MUSiC/CD Review: Nucleus & Ian Carr, The Torrid Zone, 1970-75

Ian Carr & Nucleus - The Torrid Zone

Five stars

A mate of mine has had most of these albums on vinyl for years, and I recall listening to them many, many moons ago. It’s not that I didn’t like them then. But sometimes you only really get into something when the time is right for you. I think I needed a set like this to arrive, so I could easily get into Ian Carr and his Nucleus band.

The boxed set is a nice clamshell affair, with five CDs in card covers that cover nine albums. There are some very detailed and knowledgeable reviews of this set elsewhere on’t interweb (I’ll link to the best one when I get a round tuit).

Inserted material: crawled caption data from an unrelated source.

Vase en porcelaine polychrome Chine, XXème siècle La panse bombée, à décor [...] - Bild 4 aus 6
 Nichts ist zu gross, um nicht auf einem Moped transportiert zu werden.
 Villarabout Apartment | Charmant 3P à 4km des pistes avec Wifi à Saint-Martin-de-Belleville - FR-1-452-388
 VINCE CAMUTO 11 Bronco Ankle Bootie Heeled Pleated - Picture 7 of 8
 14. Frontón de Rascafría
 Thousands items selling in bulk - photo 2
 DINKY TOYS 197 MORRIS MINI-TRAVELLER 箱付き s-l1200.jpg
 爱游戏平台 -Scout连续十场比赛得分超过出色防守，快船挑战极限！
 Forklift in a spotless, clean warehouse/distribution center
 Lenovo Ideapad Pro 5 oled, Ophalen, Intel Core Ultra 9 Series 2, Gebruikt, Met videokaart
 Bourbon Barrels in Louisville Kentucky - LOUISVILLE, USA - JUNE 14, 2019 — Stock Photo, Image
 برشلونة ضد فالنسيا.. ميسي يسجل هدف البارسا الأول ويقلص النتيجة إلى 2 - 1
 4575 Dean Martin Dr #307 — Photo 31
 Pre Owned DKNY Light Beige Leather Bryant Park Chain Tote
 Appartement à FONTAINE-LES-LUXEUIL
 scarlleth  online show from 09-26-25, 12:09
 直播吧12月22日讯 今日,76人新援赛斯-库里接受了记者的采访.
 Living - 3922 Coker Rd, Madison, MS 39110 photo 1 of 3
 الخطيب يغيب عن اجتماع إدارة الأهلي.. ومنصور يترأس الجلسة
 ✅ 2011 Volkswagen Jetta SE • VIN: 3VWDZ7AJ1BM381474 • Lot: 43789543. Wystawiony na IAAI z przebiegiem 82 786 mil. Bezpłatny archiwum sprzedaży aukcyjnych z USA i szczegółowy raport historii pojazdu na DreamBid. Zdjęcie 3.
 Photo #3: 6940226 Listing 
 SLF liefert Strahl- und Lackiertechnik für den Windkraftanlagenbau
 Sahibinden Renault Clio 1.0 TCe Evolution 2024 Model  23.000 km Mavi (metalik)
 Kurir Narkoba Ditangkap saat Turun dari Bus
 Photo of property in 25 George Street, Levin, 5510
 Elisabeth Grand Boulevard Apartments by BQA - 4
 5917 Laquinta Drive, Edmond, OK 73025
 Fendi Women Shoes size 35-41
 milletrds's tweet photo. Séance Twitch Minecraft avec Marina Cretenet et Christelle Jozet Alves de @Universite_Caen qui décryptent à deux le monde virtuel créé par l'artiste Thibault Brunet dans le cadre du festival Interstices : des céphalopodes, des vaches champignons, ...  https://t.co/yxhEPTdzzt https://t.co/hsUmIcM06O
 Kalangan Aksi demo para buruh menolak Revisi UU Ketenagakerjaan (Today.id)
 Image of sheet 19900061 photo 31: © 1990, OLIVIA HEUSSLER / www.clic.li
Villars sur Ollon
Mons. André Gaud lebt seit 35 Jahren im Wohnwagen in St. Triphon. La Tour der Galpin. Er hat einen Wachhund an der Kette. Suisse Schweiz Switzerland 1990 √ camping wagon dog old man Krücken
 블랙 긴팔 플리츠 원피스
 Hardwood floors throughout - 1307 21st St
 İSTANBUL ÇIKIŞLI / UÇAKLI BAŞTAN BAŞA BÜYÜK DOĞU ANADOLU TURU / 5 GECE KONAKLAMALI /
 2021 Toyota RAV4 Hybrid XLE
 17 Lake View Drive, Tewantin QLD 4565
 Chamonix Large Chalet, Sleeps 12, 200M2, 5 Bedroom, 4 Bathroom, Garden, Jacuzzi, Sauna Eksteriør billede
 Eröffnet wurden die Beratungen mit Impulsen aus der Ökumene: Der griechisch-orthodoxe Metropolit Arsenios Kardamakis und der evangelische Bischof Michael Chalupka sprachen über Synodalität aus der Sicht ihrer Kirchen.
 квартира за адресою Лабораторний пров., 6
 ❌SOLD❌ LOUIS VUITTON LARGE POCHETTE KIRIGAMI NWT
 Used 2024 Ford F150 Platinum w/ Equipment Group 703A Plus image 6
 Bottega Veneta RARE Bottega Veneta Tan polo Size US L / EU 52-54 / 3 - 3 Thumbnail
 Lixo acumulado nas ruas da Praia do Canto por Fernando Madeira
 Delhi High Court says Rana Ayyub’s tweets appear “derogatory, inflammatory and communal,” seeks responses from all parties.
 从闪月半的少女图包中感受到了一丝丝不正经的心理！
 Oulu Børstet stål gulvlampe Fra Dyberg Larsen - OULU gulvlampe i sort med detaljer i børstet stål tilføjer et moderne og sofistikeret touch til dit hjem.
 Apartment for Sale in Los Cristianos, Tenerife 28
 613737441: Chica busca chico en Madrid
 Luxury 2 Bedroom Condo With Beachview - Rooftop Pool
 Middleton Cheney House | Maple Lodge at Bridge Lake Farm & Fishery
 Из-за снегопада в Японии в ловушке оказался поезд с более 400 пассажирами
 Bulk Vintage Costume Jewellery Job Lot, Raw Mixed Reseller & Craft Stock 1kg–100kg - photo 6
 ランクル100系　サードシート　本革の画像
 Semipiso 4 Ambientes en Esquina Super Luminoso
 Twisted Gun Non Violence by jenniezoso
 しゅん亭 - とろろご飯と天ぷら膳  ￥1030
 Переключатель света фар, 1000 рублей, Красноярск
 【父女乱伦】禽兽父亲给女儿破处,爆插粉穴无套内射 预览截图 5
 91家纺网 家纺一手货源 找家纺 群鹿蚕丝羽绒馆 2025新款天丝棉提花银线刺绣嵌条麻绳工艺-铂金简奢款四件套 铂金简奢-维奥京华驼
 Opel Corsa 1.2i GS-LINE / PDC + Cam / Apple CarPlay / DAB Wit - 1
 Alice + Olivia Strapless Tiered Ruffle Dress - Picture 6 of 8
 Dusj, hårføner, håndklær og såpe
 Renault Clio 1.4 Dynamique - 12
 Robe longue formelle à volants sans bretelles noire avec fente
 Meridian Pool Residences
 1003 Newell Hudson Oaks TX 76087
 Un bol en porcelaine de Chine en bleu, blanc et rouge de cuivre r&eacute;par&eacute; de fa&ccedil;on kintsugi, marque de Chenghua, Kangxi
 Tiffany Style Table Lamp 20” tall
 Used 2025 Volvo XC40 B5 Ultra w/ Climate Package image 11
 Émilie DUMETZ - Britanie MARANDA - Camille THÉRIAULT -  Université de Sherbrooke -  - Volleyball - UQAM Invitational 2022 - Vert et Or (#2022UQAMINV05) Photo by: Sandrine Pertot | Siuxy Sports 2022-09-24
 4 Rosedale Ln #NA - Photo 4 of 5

So I’ll confine myself to a more personal response, here. Ian carr was – as is very obvious when you hear this music – a major Miles Davis fan. And in this music he takes ‘late’ electric Miles as a starting point.

Miles himself did relatively little in this vein, in the context of his entire and very prolific career, before semi-retiring. And some of this stuff, whilst interesting, isn’t the easiest to appreciate, especially where it crosses – mostly thanks to his musical cohorts – into ‘free jazz’ type territory.

Ian Carr and Nucleus take the Miles type influences, along with many others of the times, and combine them in such a way that it’s both very similar, and the influence is very obvious, and yet the music itself is actually more focussed and, in all honesty, palatable.

Nor is it so derivative as to be redundant. Indeed, it’s basically someone taking up the musical torch and carrying it on and into further territory. So I don’t really want to (but probably already have!) overstate the whole Miles thing.

What this is, is great early ’70s fusion, blending jazz, funk, rock, even a bit of folk and prog, into a heady blend, both typical of its time, and yet pretty unique in its exact flavour combinations.

An excellent set, filled with great music. If you like music that goes its own way, and at the same time celebrates and venerates its inspirations, and you love the sounds of this period, as I do, this is an essential listen.